There are many software tools that provide functionality to compare file differences between two directories and find duplicate files, such as:

The above tools are all very useful, but when the number of files is large, using the GUI to select and process duplicate files can be very inconvenient.

With the development of electronics technology, we generate a lot of files in work and life, especially photos and videos, as well as various electronic documents for work. Backing up this personal data is very important.

Backing up data is a relatively professional job. For most people, it is difficult to manage backups precisely.
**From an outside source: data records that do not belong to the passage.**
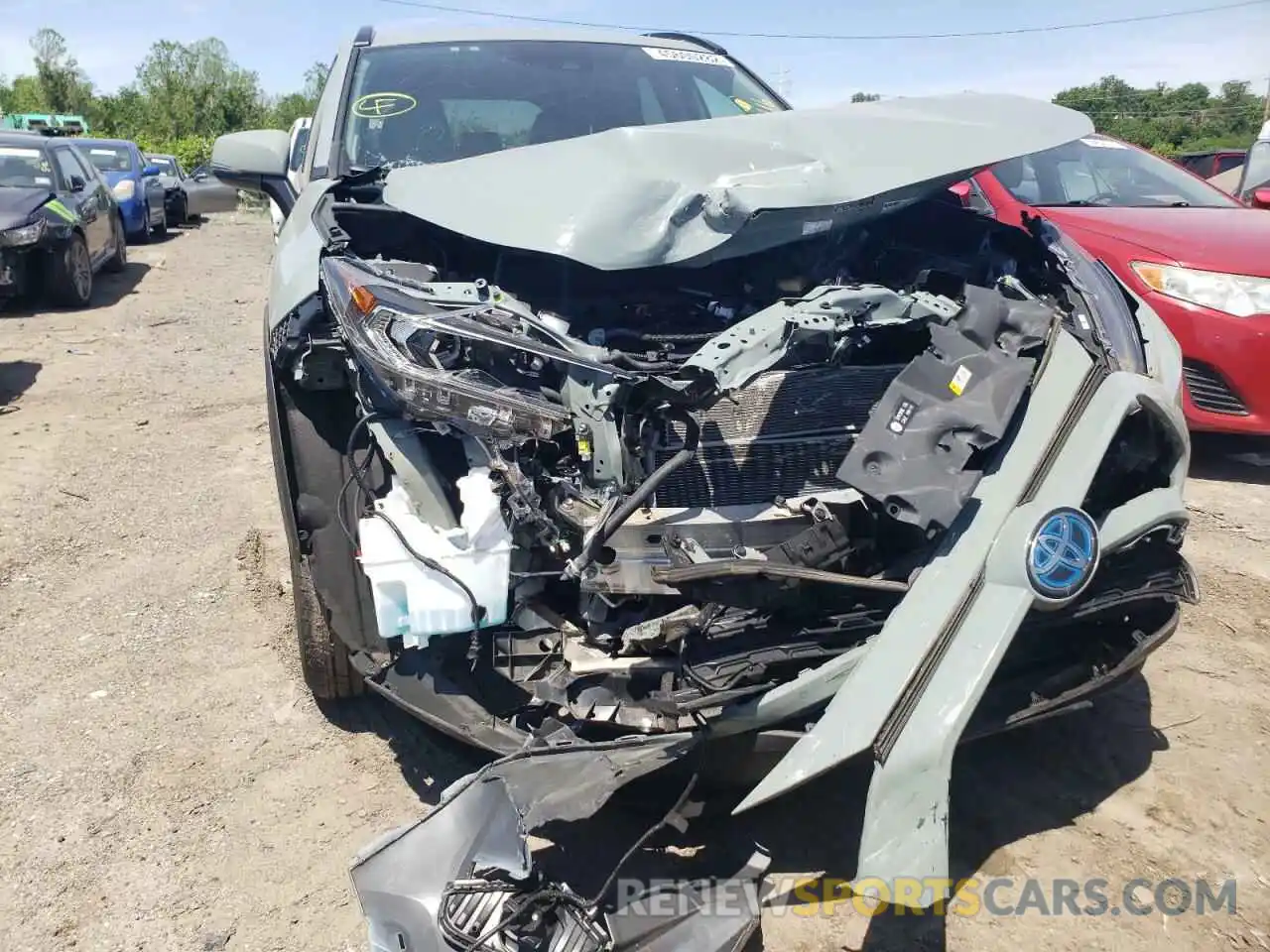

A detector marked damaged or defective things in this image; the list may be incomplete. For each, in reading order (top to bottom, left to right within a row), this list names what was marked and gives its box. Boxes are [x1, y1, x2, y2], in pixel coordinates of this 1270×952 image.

broken headlight housing [319, 259, 569, 441]
damaged silver-green suv [213, 20, 1194, 949]
crumpled car hood [383, 91, 1091, 269]
torn front bumper [731, 297, 1194, 903]
detached bumper cover [731, 298, 1194, 903]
Backups are often made irregularly over different periods, with no rules for timing, quantity, or destinations. As a result, there are many backup copies, with no clear relationships between different backups, leading to a large number of duplicate and orphaned backups. Using the above tools to find and categorize duplicate files among hundreds of thousands of files is very time consuming and laborious.

FileDiffGrouper is a tool to quickly find identical and different files between two directories.
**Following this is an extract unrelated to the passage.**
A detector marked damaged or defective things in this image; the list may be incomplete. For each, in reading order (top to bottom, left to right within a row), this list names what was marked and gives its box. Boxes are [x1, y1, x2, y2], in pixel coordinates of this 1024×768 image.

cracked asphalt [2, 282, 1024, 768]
FileDiffGrouper only finds duplicate and extra files in Target relative to Base. It does not deduplicate Base itself. Please use the tools listed above to deduplicate Base first. Of course, it is recommended to also deduplicate Target before using this tool, to improve efficiency.

3. Install

3 way to install file difference grouper:

  • Compile the source code:
    • git clone https://github.com/jqk/file-diff-grouper.git
    • cd file-diff-grouper/file-diff-cli
    • go build
  • Download the package from https://github.com/jqk/file-diff-grouper/releases, unzip it and run.
  • When scoop is installed, run:
    • scoop bucket add ajqk https://github/jqk/scoopbucket
    • scoop install file-diff-grouper

On Windows, the executable filename is fdg.exe, around 6MB in size.
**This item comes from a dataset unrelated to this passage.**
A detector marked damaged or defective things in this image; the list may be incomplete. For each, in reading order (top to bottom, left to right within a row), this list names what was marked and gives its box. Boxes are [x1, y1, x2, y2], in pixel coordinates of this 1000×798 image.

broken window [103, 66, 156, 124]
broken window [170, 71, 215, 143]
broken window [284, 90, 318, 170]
In addition to the executable file, a sample config file is also provided: config.yaml.

4. Usage

4.1 Command line

Executing the fdg command is simple - just provide the full path to the configuration file.

fdg c:\test\config.yaml

There are no specific requirements for the configuration filename itself, but it must have the correct file extension, see Configuration section for details.

$ fdg

Copyright (c) 1999-2023 Not a dream Co., Ltd.
file difference grouper (fdg) 1.1.1, 2023-09-25

Usage:
  fdg [path/to/the/taskConfigFile]
      Compare and group the file differences according to specified config file.

Otherwise: show this help.
See <https://github.com/jqk/file-diff-grouper> for more information.

4.2 Configuration

Since there are many parameters to specify, command line arguments are not used. Instead, a configuration file is used. The configuration file can be in formats supported by viper such as .json, .xml, .yml and .toml. The example below uses .yaml. Please refer to the comments.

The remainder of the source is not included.